Nonempirical Prediction of the Length-Dependent Ionization Potential in Molecular Chains

Guy Ohad, Michal Hartstein, Tim Gould, Jeffrey B. Neaton, Leeor Kronik*

*Corresponding author for this work

Research output: Contribution to journalArticlepeer-review

1 Citation (Scopus)

Abstract

The ionization potential of molecular chains is well-known to be a tunable nanoscale property that exhibits clear quantum confinement effects. State-of-the-art methods can accurately predict the ionization potential in the small molecule limit and in the solid-state limit, but for intermediate, nanosized systems prediction of the evolution of the electronic structure between the two limits is more difficult.
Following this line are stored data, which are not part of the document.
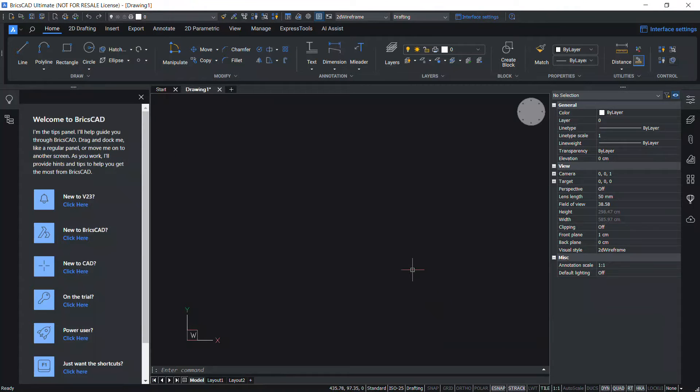This completes the tutorial on exploring the BricsCAD user interface. Thanks for your time.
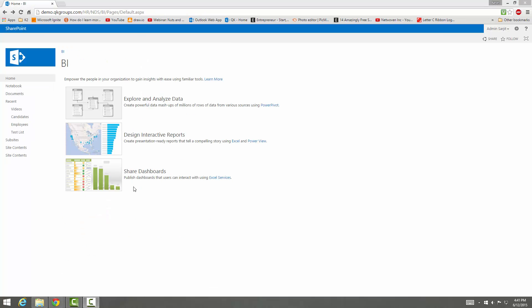So this is our Business Intelligence Center template and here we have our BI site. We have our Explorer and Analyze Data using Power Pivot — so we can create lots of tables or rows of data from lots of different sources. Then we have Designing Interactive Reports using Excel and Power View.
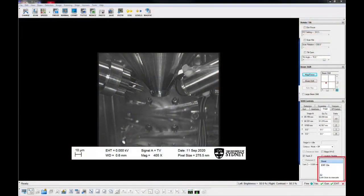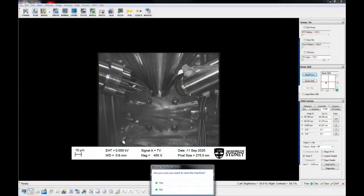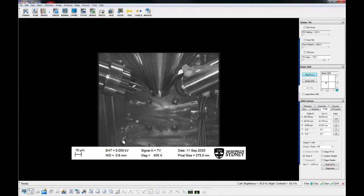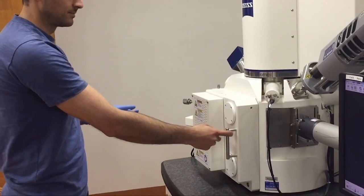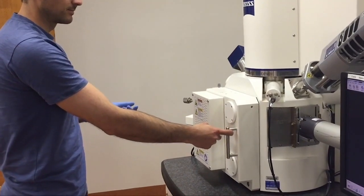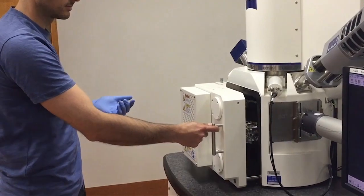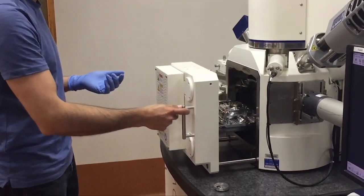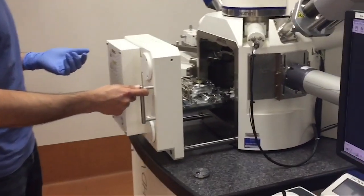Vent the chamber by clicking on back and selecting vent. This will take around three to five minutes. Once the chamber has vented, carefully open the chamber door with your ungloved hand.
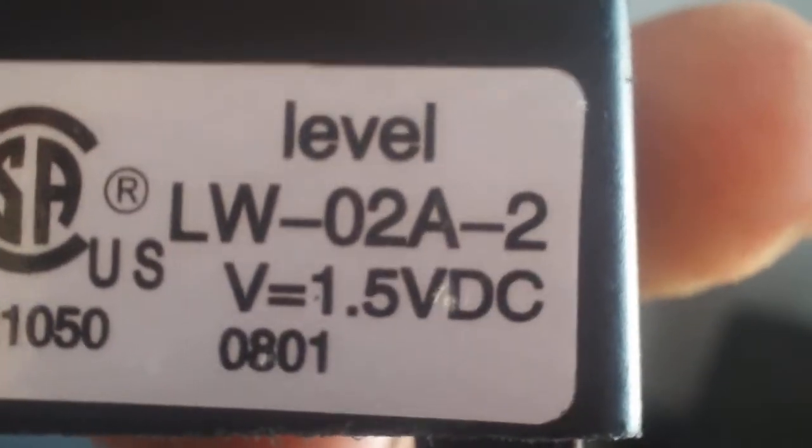This is a 1.5 volt DC. If you don't have the original little connector thing, the one with the button on it...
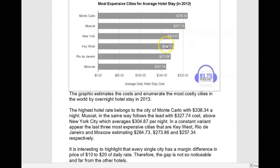Then I would have a separate paragraph for the ones below $300. Starting with something like: 'The next three cities are all between $250 and $300 per night for the average hotel stay. The most expensive of this group is Key West at $284 per night.' Then noting that Moscow is the least expensive at $257, for a difference of approximately $27 per night with Key West. And in the middle is Rio de Janeiro at $273, which is $11 less than Key West but $16 more than Moscow.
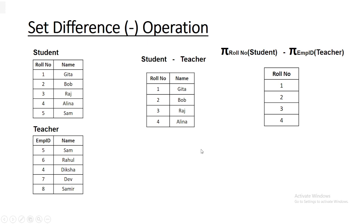An important point is that the set difference operator is not commutative. The union operator is commutative — A union B equals B union A — but here, A minus B is not always equal to B minus A. This is a very important distinction.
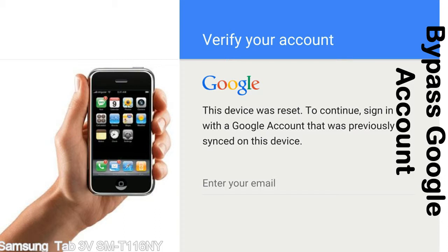Actually, this FRP lock is developed by Google, and we provide our FRP unlock solution for free. Today here we are providing the methods to unlock FRP lock phones. You can use this solution for almost all FRP lock devices.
Recently, optimal tuning of range-separated hybrid functionals has emerged as a highly accurate method for predicting ionization potentials. This was first achieved for molecules using the ionization potential theorem (IPT) and more recently extended to solid-state systems, based on an ansatz that generalizes the IPT to the removal of charge from a localized Wannier function. Here, we study one-dimensional molecular chains of increasing size, from the monomer limit to the infinite polymer limit using this approach. By comparing our results with other localization-based methods and where available with experiment, we demonstrate that Wannier-localization-based optimal tuning is highly accurate in predicting ionization potentials for any chain length, including the nanoscale regime.

Original languageEnglish
JournalJournal of Chemical Theory and Computation
DOIs
Publication statusPublished Online - 13 Aug 2024

Funding

This work was supported via U.S.-Israel NSF Binational Science Foundation Grant No. DMR-2015991 and by the Israel Science Foundation. The authors thank Nadav Ohad for graphic design. T.G. and L.K. were supported by an Australian Research Council (ARC) Discovery Project (DP200100033). T.G. was supported by an ARC Future Fellowship (FT210100663). L.K. was additionally supported by the Aryeh and Mintzi Katzman Professorial Chair and the Helen and Martin Kimmel Award for Innovative Investigation. Publisher Copyright: © 2024 The Authors. Published by American Chemical Society.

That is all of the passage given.